Finding WW1 Soldiers in Your Family Tree

When I started out, I didn't think there were any WW1 soldiers in my family tree. Certainly there were no stories or tales of anybody having fought in WW1 as I was growing up.

One of my grandfathers died 8 years before I was born and his wife, my grandma, was living offshore, so I probably only met her 1-2x, with the last time being when I was about 5 years old. I had a local pair of grandparents, born in 1905 and 1908 though, so both too young to have been in WW1. I did hear a whisper that my (step) granddad had been in WW2 and was injured in some way, although I've no idea how. He died when I was 10.

So that was my lot! It's been a complete revelation to me, therefore, to have discovered some WW1 soldiers in the family tree.

The closest relative was my grandfather's brother, he died of illness. Many soldiers died of illnesses during the War, they weren't all shot in the trenches at all. There were many other reasons, illness was one and dying from wounds was another. Some died of wounds within days/weeks, and some died a few years later of those wounds.

I'll be creating a page with a list of all the soldiers in the tree I do find though, as I go along. Each will have their own post here, with a link back to the list of them all.

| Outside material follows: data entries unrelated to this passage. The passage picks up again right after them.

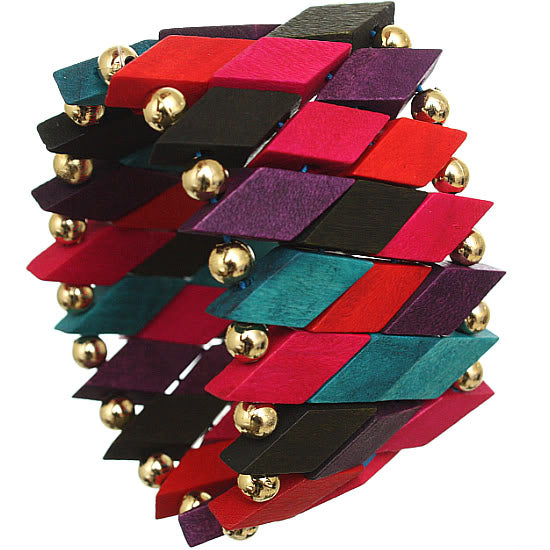 Red Multicolor Wooden Geometric Stretch Bracelet
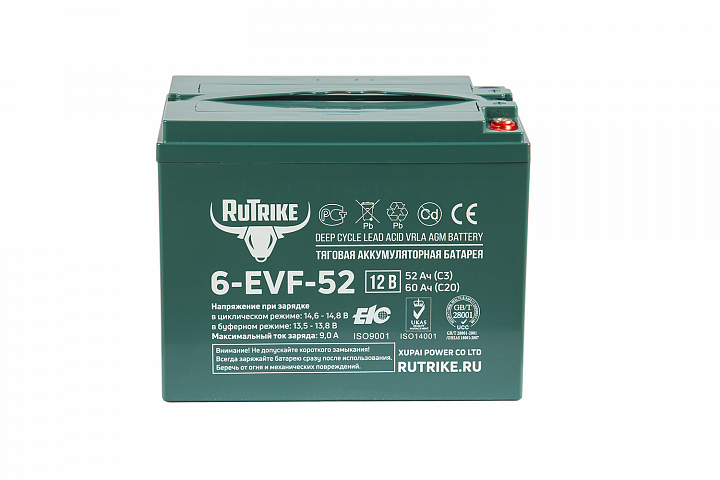 картинка Тяговый аккумулятор RuTrike 6-EVF-52 (12V52A/H C3) от магазина Eltreco
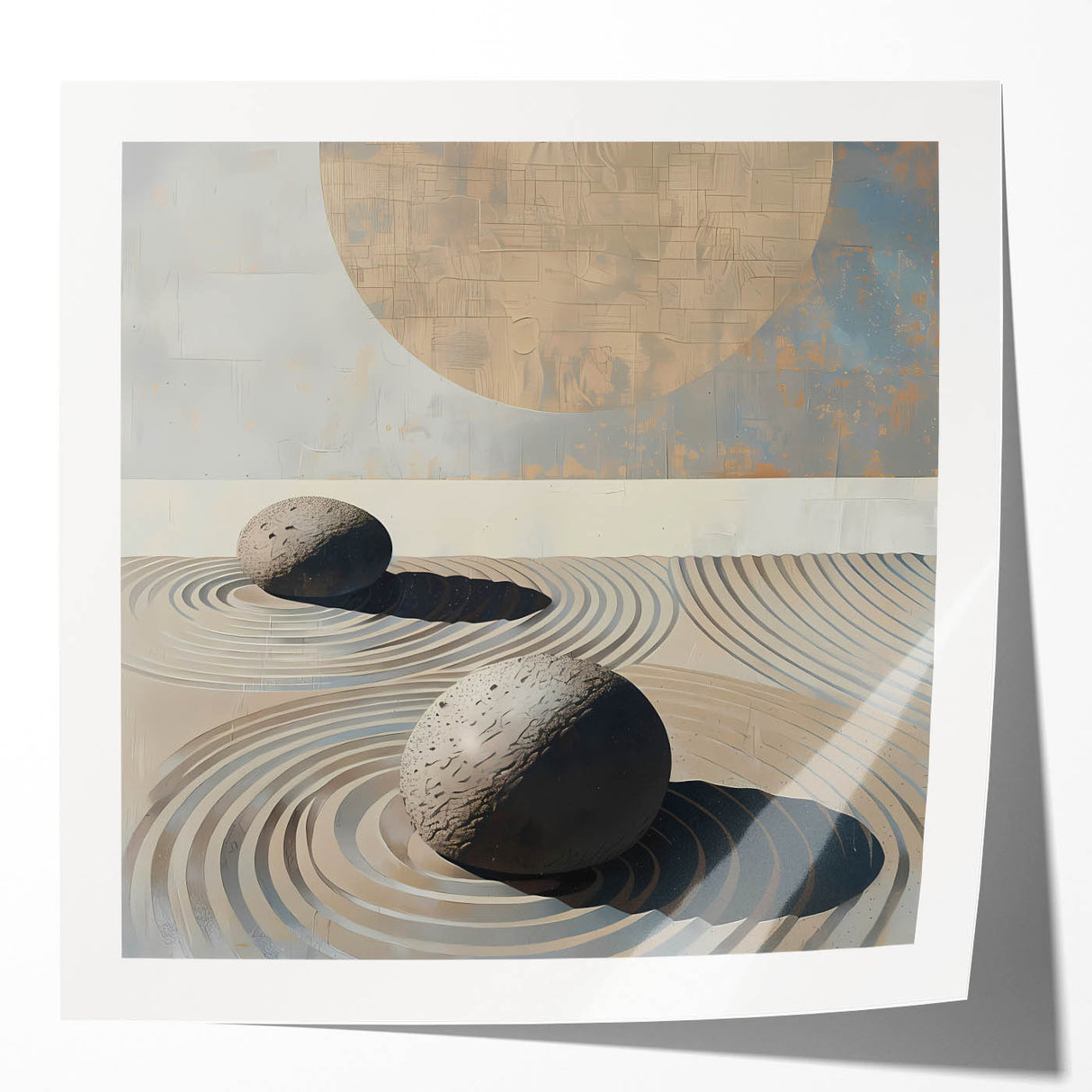 Abstract minimalist wall art print showcasing soft pastel colors and geometric shapes, displayed in a glossy mockup setting, perfect for modern home decor.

It's all quite sad as you think about the fact they never went home. Most didn't "choose" to fight, it was what you had to do. You were either shamed into it, bullied by locals, or conscripted in. Just sent off to die, with their poor mothers simply receiving a letter. It's all very sad really.

I've found about five WW1 soldiers to date. While some have been commemorated on their local war memorial, I've found one who seems to have been overlooked. I've yet to work out why, exactly. I think it's because the family moved around a little bit, so they weren't part of the furniture, so to speak. One who was probably aged 8-16, then moved 200 miles away (back to his home county, but not his originating village) and was then killed in the war - so I doubt the locals knew him - and the lads he'd grown up with never knew he'd died.

Most don't have a grave at all, they're simply commemorated on a wall abroad. So tragic for their families that they didn't even have the knowledge that their son/brother/husband's body had been given any dignity with a proper burial.